それでも「MONO」を展開した理由とは?
しかしながら一方で、NTTドコモは冬・春商戦に向けて、低価格のスマートフォンシリーズ「MONO」を展開しているほか、LTE対応フィーチャーフォン向けに、月額1,800円から利用できる料金プランを提供するなど、低価格指向のユーザーに向けた施策も打ち出している。これは低価格を求める層をMVNOに移行させまいとする動きにも見える。
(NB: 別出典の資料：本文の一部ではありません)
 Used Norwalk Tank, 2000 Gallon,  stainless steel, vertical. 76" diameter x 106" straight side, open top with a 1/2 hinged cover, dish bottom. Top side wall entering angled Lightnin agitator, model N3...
だが実際のところ、MONOなど今回NTTドコモが打ち出した一連の施策は、ワイモバイルやUQ mobileへの対抗と考えられそうだ。MVNOは確かに価格は安いが、規模が小さい企業が大半を占めるため、ブランド力や信頼、安心感という面では劣る部分がある。実際ワイモバイルやUQ mobileのように全国くまなく実店舗展開できている、あるいはしようとしているMVNOは極めてごく少数にとどまり、大半のMVNOは買いやすさやサポートなどの面で、今なお多くの課題を抱えている。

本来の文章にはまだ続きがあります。